W Pradze stanęła nietypowa rzeźba Putina. „Wygląda jak zła postać z 'Inwazji Jaszczurów'”
Nietypowy pomnik Władimira Putina stanął w poniedziałek w czeskiej Pradze. Instalacja przedstawia rosyjskiego prezydenta jako goblina. Rzeźbę autorstwa Duszana Dostala będzie można oglądać tylko przez miesiąc.
Pomnik przedstawia Władimira Putina jako goblina z prawą ręką wyciągniętą w geście nazistowskiego pozdrowienia. Lewą dłonią zakręca kurek z gazem. Pod nim jest widoczny kontur Europy. Rzeźbę Duszana Dostala będzie można oglądać tylko przez miesiąc. Później zostanie sprzedana na aukcji, a dochód ma być przeznaczony na zakup uzbrojenia dla ukraińskiej armii.

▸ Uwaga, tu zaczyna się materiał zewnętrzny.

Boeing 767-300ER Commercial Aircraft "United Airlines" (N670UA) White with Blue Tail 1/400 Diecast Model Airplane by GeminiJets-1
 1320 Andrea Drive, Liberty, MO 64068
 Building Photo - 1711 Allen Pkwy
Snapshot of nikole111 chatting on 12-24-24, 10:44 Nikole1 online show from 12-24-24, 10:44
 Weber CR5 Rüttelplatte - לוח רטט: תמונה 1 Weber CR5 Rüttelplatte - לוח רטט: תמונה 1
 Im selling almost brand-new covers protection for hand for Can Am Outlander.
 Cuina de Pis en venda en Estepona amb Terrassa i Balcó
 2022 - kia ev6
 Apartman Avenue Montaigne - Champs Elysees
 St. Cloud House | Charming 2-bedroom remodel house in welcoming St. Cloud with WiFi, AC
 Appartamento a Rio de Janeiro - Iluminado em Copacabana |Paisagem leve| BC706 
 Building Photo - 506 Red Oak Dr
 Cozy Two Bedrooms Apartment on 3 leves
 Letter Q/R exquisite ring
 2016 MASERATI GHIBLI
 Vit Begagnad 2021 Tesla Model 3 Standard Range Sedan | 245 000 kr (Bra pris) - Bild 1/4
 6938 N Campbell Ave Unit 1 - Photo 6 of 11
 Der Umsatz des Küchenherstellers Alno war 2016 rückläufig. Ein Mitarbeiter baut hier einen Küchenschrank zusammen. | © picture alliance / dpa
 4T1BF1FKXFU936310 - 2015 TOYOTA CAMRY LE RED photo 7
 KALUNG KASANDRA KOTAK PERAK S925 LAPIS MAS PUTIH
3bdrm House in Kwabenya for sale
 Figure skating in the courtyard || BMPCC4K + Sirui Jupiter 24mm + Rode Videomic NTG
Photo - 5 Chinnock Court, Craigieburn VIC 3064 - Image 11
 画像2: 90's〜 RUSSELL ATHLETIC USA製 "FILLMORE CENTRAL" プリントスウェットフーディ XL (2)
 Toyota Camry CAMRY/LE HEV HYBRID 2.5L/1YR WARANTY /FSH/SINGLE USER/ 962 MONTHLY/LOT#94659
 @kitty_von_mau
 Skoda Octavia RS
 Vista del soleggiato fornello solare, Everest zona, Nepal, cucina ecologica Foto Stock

– Udał się ten łotr, co? Wygląda jak zła postać z „Inwazji Jaszczurów” (satyra Karela Capka na m.in. żarłoczny kapitalizm, faszyzm, rasizm czy komunizm – powstała w przeddzień wybuchu II wojny światowej), która ma gębę rosyjskiego prezydenta. Nie jest to nic pochlebnego. Wszyscy jesteśmy przeciwko niemu i każdy demonstruje to na swój sposób – mówili korespondentowi Polskiego Radia okoliczni mieszkańcy, którzy przyszli, by sfotografować pomnik.
Miejsce, w którym ustawiono rzeźbę – plac Brygad Międzynarodowych w dzielnicy Bubenecz – nie jest przypadkowe. Wcześniej stał tu kontrowersyjny pomnik Iwana Koniewa, którego oddziały wyzwoliły Pragę spod niemieckiej okupacji. Lokalne władze usunęły posąg radzieckiego marszałka wiosną 2020 roku.
Demon z mitologii perskiej wyobrażający zło absolutne
Autor rzeźby Duszan Dostal, powiedział, że jego praca została zatytułowana „Ahriman”. To demon z mitologii perskiej wyobrażający zło absolutne – czytamy na stronie ceskenoviny.cz.
Portal podaje, że na pomysł instalacji „pomnika” i późniejszej akcji wpadł Dalibor Dedek, biznesmen, który na początku maja zapowiedział akcję „Prezent dla Putina”. To zbiórka pieniędzy na broń dla zaatakowanej przez Rosję Ukrainy.
– Pomnik powinien być sygnałem dla Czech, że wojna w Ukrainie nadal trwa i wymaga rozwiązania. To także sygnał dla Ukraińców, że jesteśmy z nimi i dla Rosji, że splunęli na swoją historię – powiedział Dedek. W jego ocenie rzeźba Putina mogłaby zostać sprzedana na aukcji za kwotę sześciocyfrową.